Nisan ayında Türkiye Dışişleri Bakanı Mevlüt Çavuşoğlu, yedi günlük Latin Amerika turu için Uruguay, Brezilya, Ekvador, Kolombiya, Panama ve Venezuela’yı ziyaret etti. Çavuşoğlu, Latin Amerika ile artan ilişkilerin desteklenmesinde Türkiye’nin bu ülkelerle ilişkilere verdiği önemi vurguladı. Ukrayna savaşından önce planladığımız bu ziyareti bölgemizdeki birçok soruna rağmen iptal etmemiş olmamız, bu bölgeye verdiğimiz önemin bir göstergesidir” dedi.
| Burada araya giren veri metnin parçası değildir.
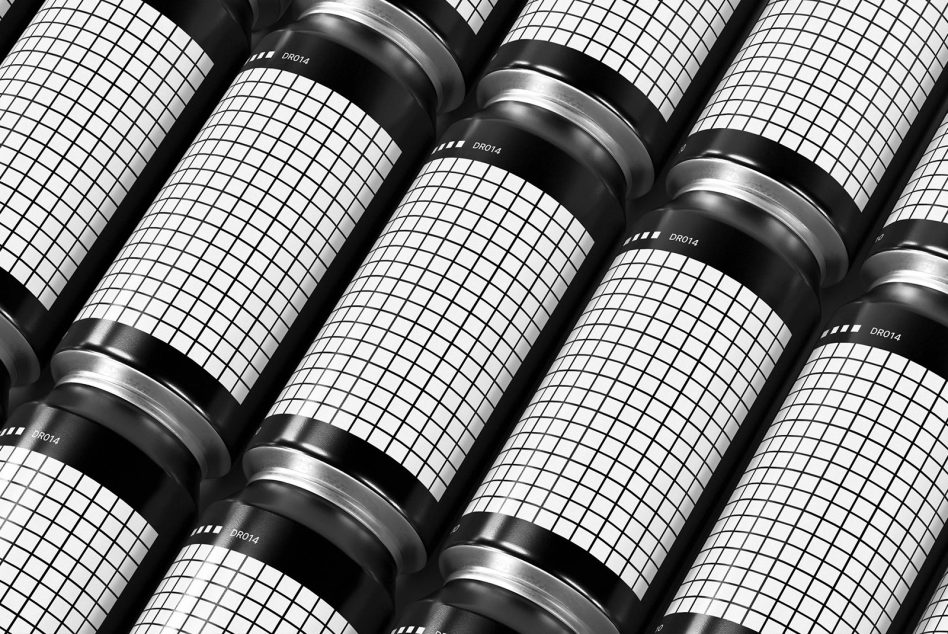 Black and white photo of multiple camera lenses aligned with a grid pattern on barrel surfaces, ideal for mockup references in design.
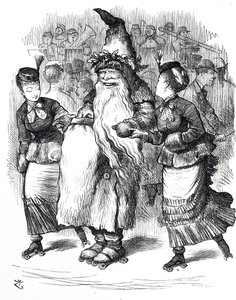 Tecknad film föreställande jultomtens rullskridskoåkning av John Tenniel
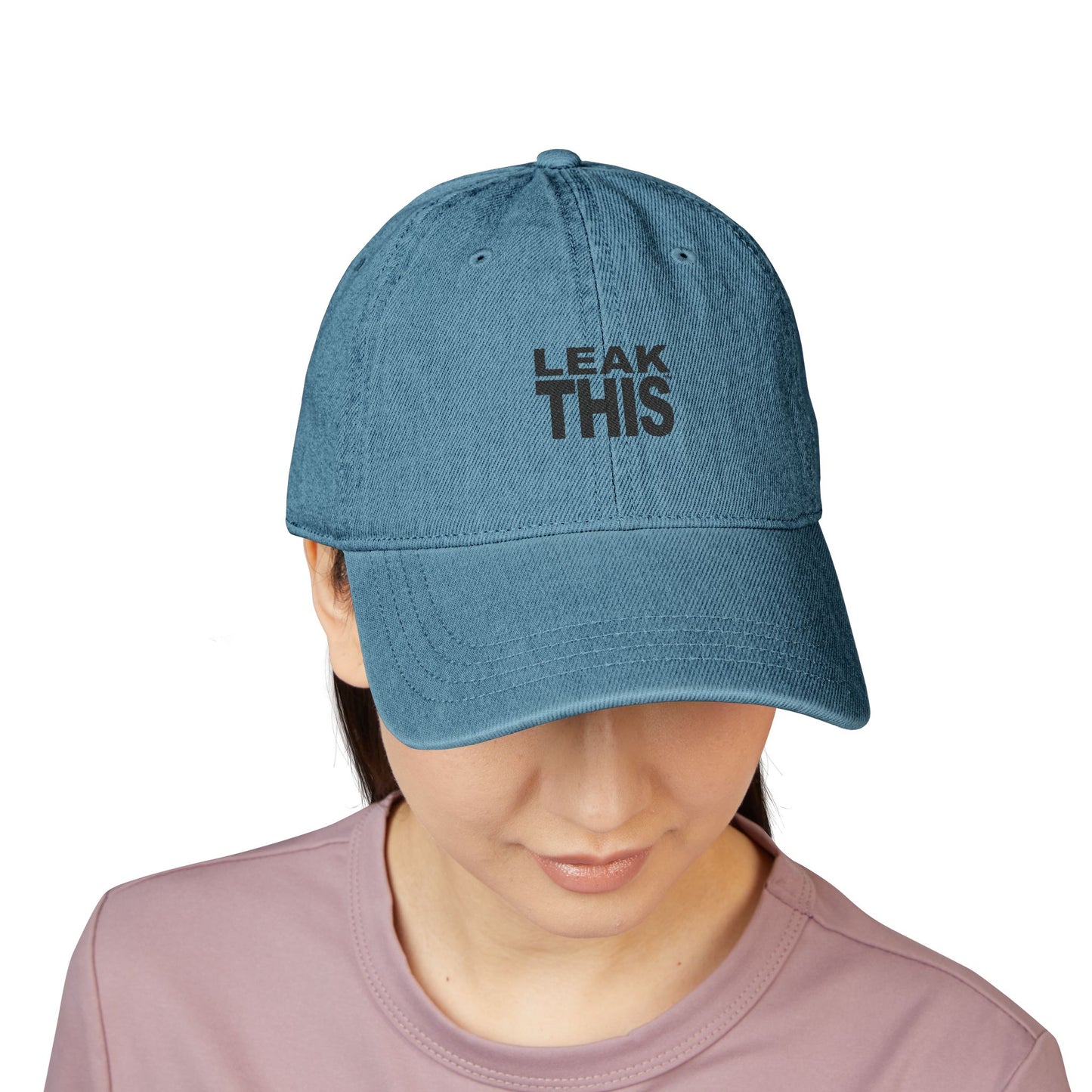 Bold Lettering Denim Hat (Embroidery) - snazzymerch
Ekonomik işbirliğinin öncelikli olduğu çeşitli anlaşmalar imzalandı. Türkiye, Kolombiya Donanması için sekiz korvet inşa etmek için sözleşmeler için yarışan iki önemli şirkete sahip. Kolombiya, Brezilya’dan sonra Türkiye’nin Latin Amerika’daki en büyük ikinci ticaret ortağıdır. Ankara ayrıca Latin Amerika ülkelerindeki büyükelçilik sayısını altıdan 18’e çıkardı ve bölge ile ticaret yaklaşık 1 milyar dolardan 15 milyar dolara yükseldi.

Türkiye’nin pek çok bölgesel örgütle ilişkisi Batı’ya sırtını döndüğü anlamına gelmiyor, ancak Ankara’nın ulusal çıkarları uğruna ekonomik ve güvenlik fırsatlarını çeşitli ortaklarla çeşitlendirmeyi amaçladığı açık.

Sinem Cengiz, Türkiye’nin Orta Doğu ile ilişkileri konusunda uzmanlaşmış bir Türk siyasi analisttir. Twitter: @SinemCngz

Feragatname: Bu bölümde yazarlar tarafından ifade edilen görüşler kendilerine aittir ve Arab News’in görüşlerini yansıtmayabilir.